The crypto exchange-traded fund (ETF) market finally found some footing.

After nearly two months of steady withdrawals, U.S. spot bitcoin and ether ETFs returned to weekly inflows from July 6 to July 10, giving investors the clearest sign yet that redemption pressure may be easing. The recovery was not perfect. It was uneven, and some funds still bled capital. But after eight straight weeks of outflows, even a modest turn carried weight.

Spot bitcoin ETFs recorded $197.4 million in net inflows for the week, ending their eight-week outflow streak. Spot ether ETFs followed with $84.42 million in net inflows, also snapping eight consecutive weeks of redemptions.

Bitcoin and Ether Return to Positive Territory

Bitcoin’s rebound was led by Blackrock’s IBIT, which added $291.9 million for the week. Grayscale’s Bitcoin Mini Trust also drew a strong $95.1 million. Smaller inflows came through Morgan Stanley’s MSBT, which added $13.2 million, Vaneck’s HODL with $9 million, and Bitwise’s BITB with $5.1 million.

Still, the week was not clean.
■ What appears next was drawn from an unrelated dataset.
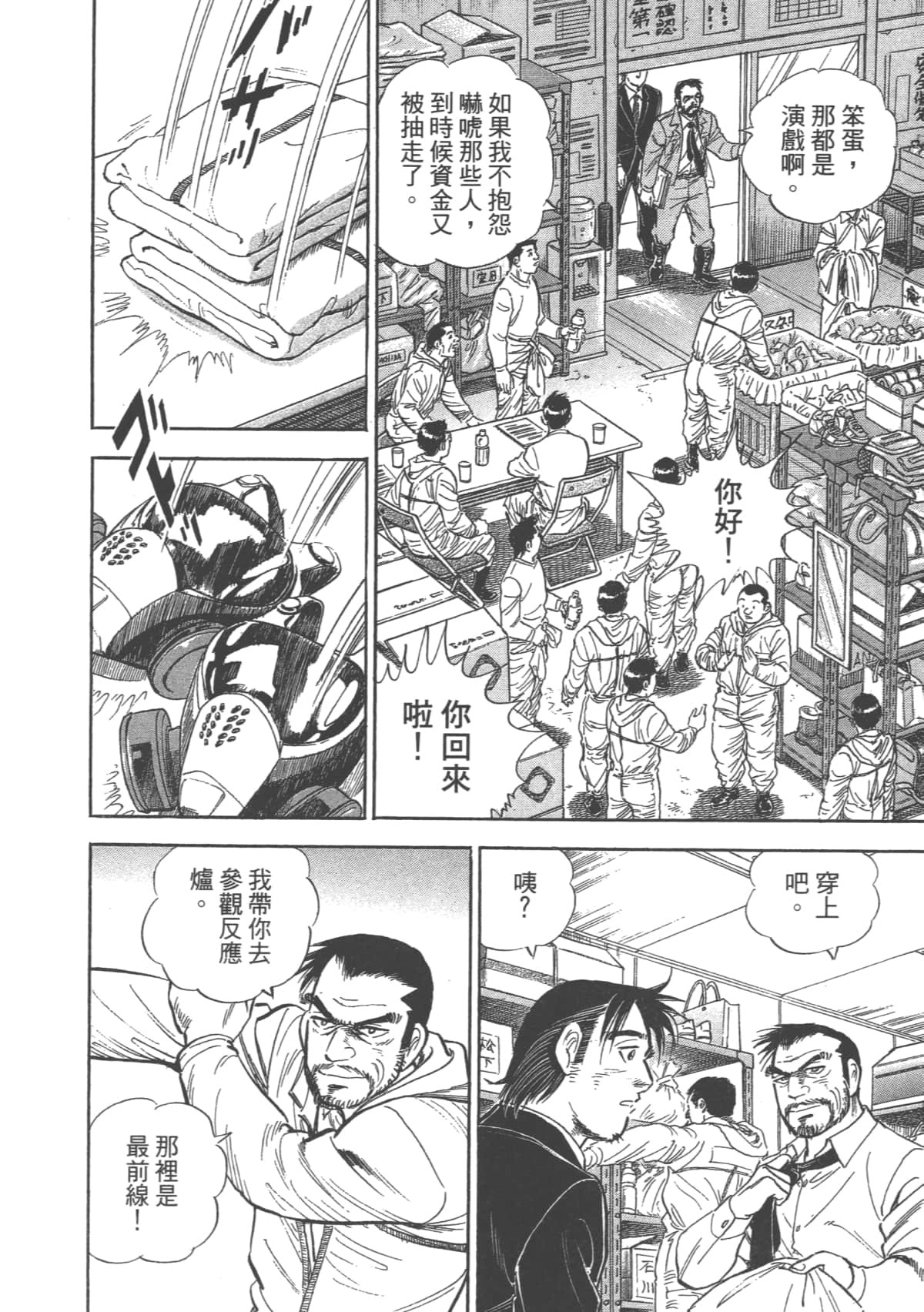 Page 141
Grayscale’s GBTC lost $108.2 million, while Fidelity’s FBTC saw $93.4 million in outflows. Ark & 21Shares’ ARKB also slipped, losing $15.3 million.
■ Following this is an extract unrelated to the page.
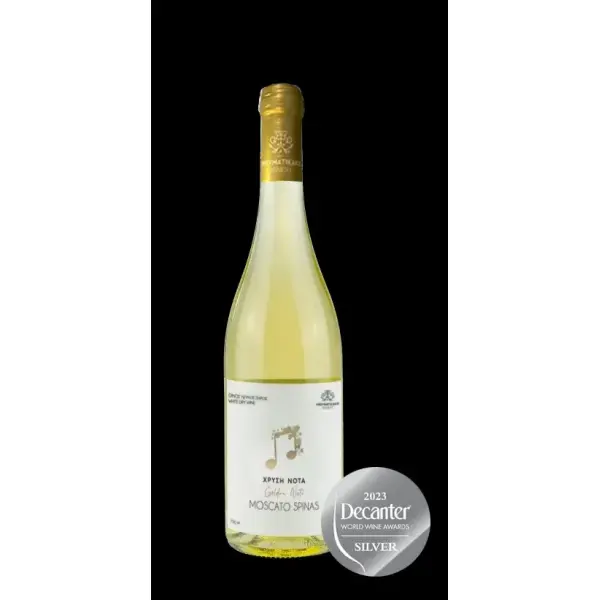 μοσχατο σπινας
The daily picture showed the recovery building in fits and starts. Bitcoin ETFs added $265.69 million on Monday and $21.44 million on Tuesday, before slipping into outflows of $84.86 million on Wednesday and $95.30 million on Thursday. Friday helped seal the weekly reversal, with $90.44 million in net inflows.

Will bitcoin ETFs end July in the green after 2 months of outflows? Source: Sosovalue

Sosovalue’s weekly update said the pattern showed improved bitcoin ETF demand, though the recovery remains uneven. Weekly inflows represented about 0.26% of bitcoin ETF assets, based on $77.42 billion in week-end AUM. That was enough to end the long outflow streak, but still short of a strong allocation cycle. The firm added that bitcoin’s rebound to around $63,000 suggested demand near the $60,000 area remains resilient, especially after Friday’s inflows showed institutions were still willing to re-enter during pullbacks.

Ether ETFs followed a steadier path. The category added $20.66 million on Monday, $26.93 million on Tuesday, and $70.48 million on Wednesday. Thursday brought a $52.08 million outflow, but Friday’s $18.43 million inflow helped secure a positive weekly close.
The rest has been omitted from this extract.